Y nadie podrá decir que la presidencia, y con ella todo el equipo de veterinarios, se vio sorprendida en su buena fe, porque año tras año el taurinismo, en la parcela que más directamente explotan los grandes exclusivistas en beneficio propio y de sus pupilos, intentan colar a todo trance la trampa y la mentira, y en esta ocasión, una vez más, desde todos los sectores de afición con criterio, se había advertido que de nuevo intentarían apoderarse del montaje del espectáculo para convertirlo en un fraude.

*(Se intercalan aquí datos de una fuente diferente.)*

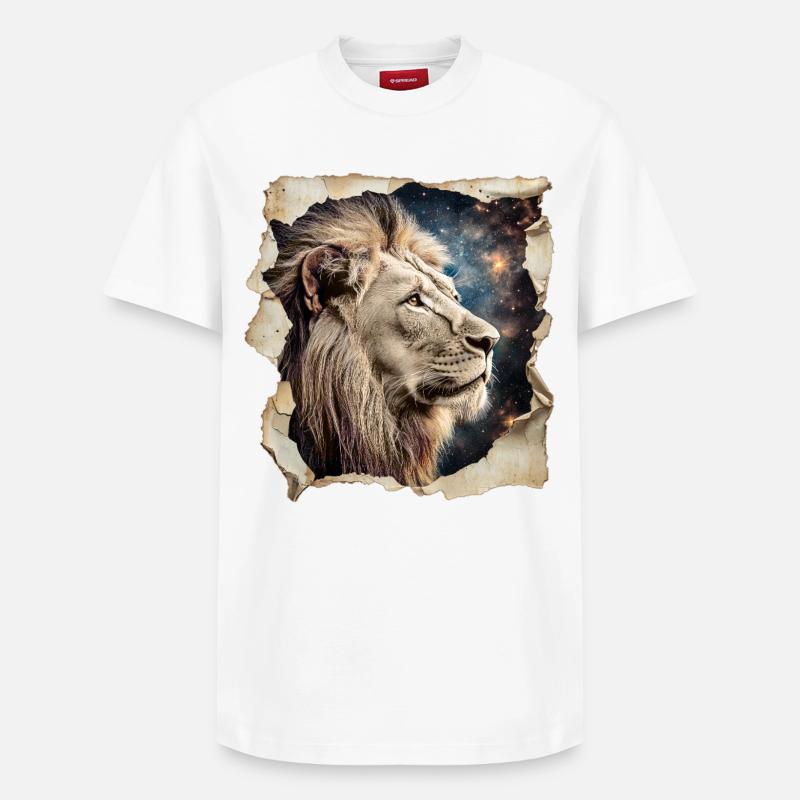 Lion - T-shirt unisexe décontracté en coton Supima – de SPREAD - blanc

Así fue ayer. La mayor parte de los toros que saltaron a la arena eran anovillados, estaban derrengados y tenían unos pitones con tan antinatural terminación que los rumores y hasta los gritos que en la plaza denunciaban el afeitado rebasaron la simple sospecha para entrar en la franca evidencia.

Uno de esos toros, previa protesta unánime y sostenida, fue devuelto al corral, pero no así los demás, y el colmo llegó con el cuarto, que desató las iras del público. El ruedo se llenó de almohadillas y botes de cerveza y aquello llevaba camino de convertirse en una grave alteración del orden cuando Paquirri, con total desprecio al público de Madrid, cometió la insolencia de tomar las banderillas y poner tres pares infames, con reunión casi desde el rabo. Mucha gente aplaudió, lo mismo que luego aplaudiría la faena, pues ya es sabido que en esta plaza, como en todas, acuden espectadores que no distinguirían un toro de una borrica (y aunque lo distinguieran les da igual, porque a lo que van es «a ver orejas»), pero la mayoría reaccionó con violencia, abucheó al torero y al palco, y no toleró de ninguna forma semejante tomadura de pelo.

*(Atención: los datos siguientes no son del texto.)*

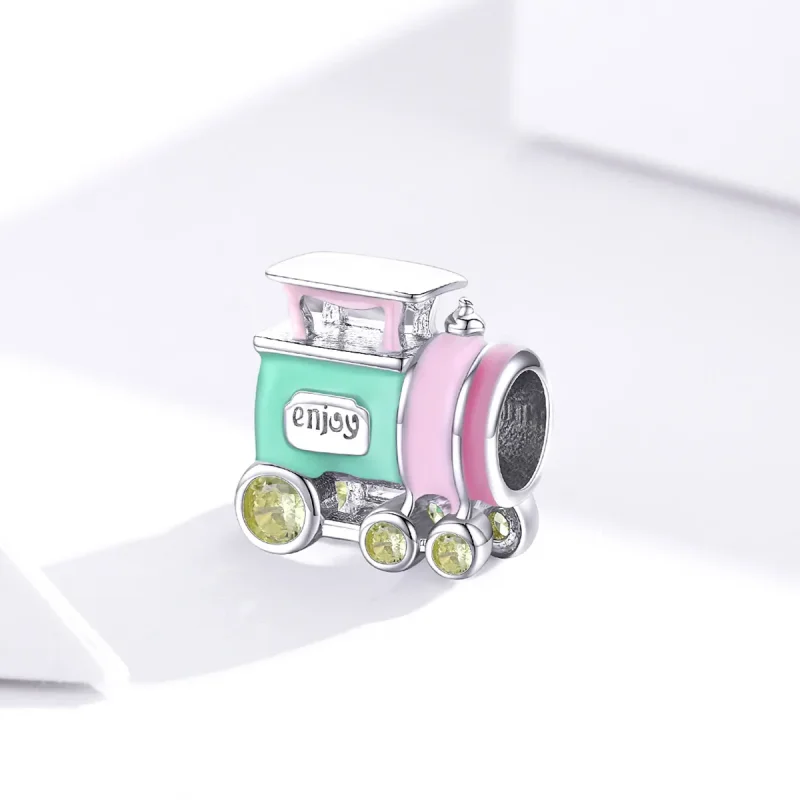 (imagine pentru) Talisman Tip Pandora Tren colorat din argint - BSC289 - Vizualizare 3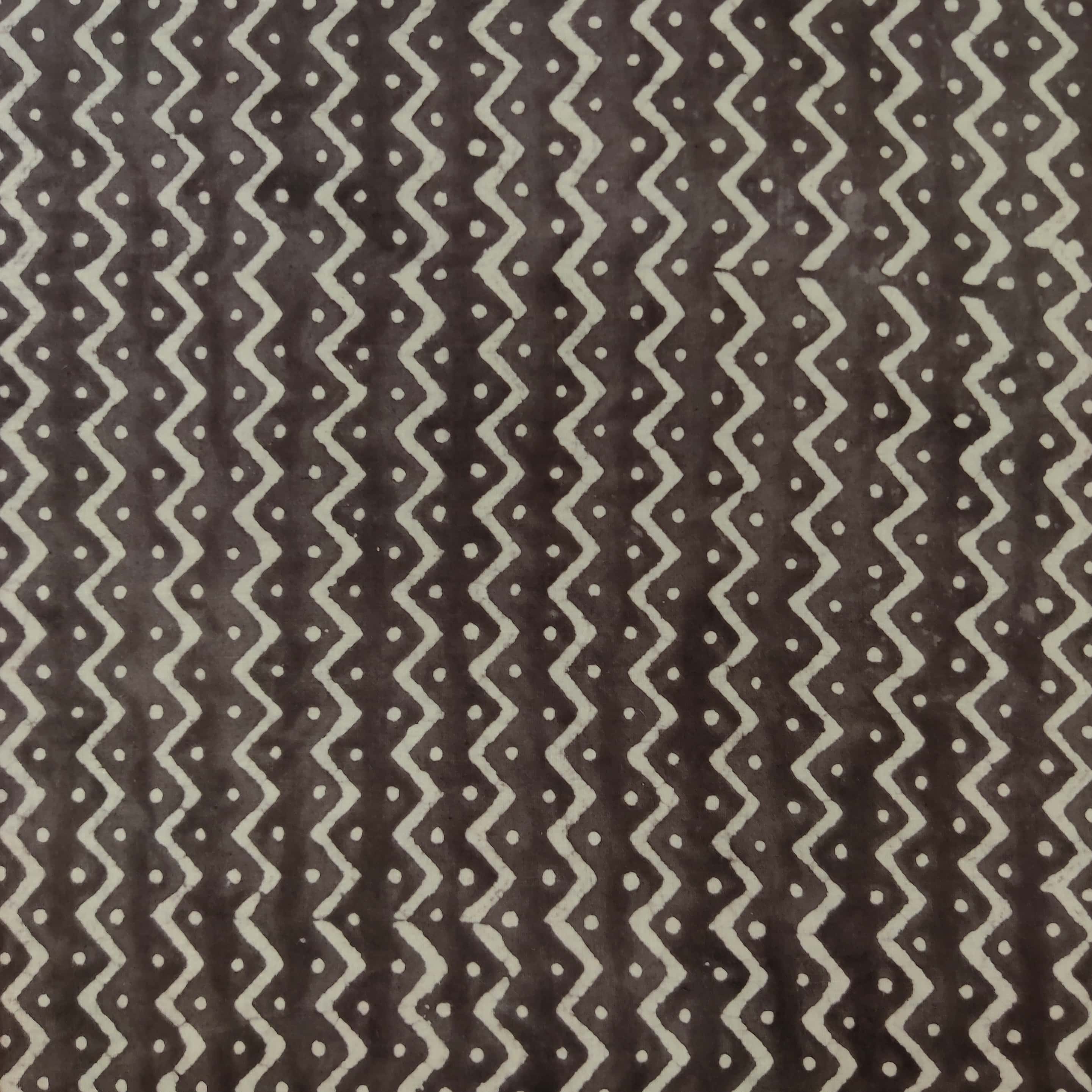 Pre-Cut 1.50 Meter Pure Cotton Kashish With Tribal Zig Zag Hand Block ...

Ese era el ambiente durante el último tercio, que Paquirri llenó con su habitual tesón y su insuperable vulgaridad, y el presidente, si no es que estaba en Babia, tuvo que detectarlo. Por eso asombra más que, ante una petición minoritaria, la cual -por cierto- se ahogaba en los gritos de protesta y los coros de « ¡Ladrones, ladrones! », incurriera en la increíble torpeza de conceder la oreja.

Pero, ¿qué broma es esa? ¿Qué pinta en el palco un señor que de esta manera desatiende los derechos del público e incluso atenta contra ellos? ¿A qué viene esa parcialidad, por la que su misión de juez del espectáculo se decanta tan descaradamente a favor de los toreros? Ya vería y oiría (si no metió la cabeza bajo el tapiz) que la vuelta al ruedo, lejos de ser triunfal, transcurrió entre palmas de tango y un continuo abucheo, que ahogabalos contados y no muy convencidos aplausos. Y luego, aquello de «el palco está vacío», y cosas más graves que no vamos a reproducir aquí.

Su incompetencia pudo apreciarse hasta en cuánto tardó en condenar a banderillas negras al manso declarado que se lidió en último lugar, e, inmediatamente después, al liquidar el tercio con par y medio, cuando debieron colocarse los cuatro pares reglamentarios. Para que la presidencia sea así, mejor que no haya nadie; es mejor (y más honesto) que los propios toreros lleven la lidia por donde les de la real gana que, en definitiva, es lo que ocurre casi siempre que hay figuras en el cartel.

En esta corrida remendada, mansa e impresentable, hubo toros que se pudieron torear a gusto y con filigrana, pero los diestros eran unos pegapases inaguantables. Manzanares hizo una faena perfilera, forzada, tosca y piquista a su primero, y al otro, verdaderamente cornalón, no acertó a ligarle nada. El Paquirri no pudo con el primero, pues aunque gato tenía su nervio, y al otro le muleteó a su estilo; es decir, sin estilo ninguno. Y el Niño de la Capea, tan violento y destemplado como siempre en el tercero, sorteó con trapazos la descompuesta embestida del sexto.

Dado el lleno impresionante que hubo y los precios que tenían las localidades, la recaudación de ayer debió ser una fortuna. Se habla de dieciséis millones de pesetas. A estas horas, ya habrán hecho el reparto los responsables de la estafa. Tanto para ti, tanto para mí; tanto para ése, que se ha portado. Y al público, que le den morcilla. Sierra Morena está pegadita a la M-30.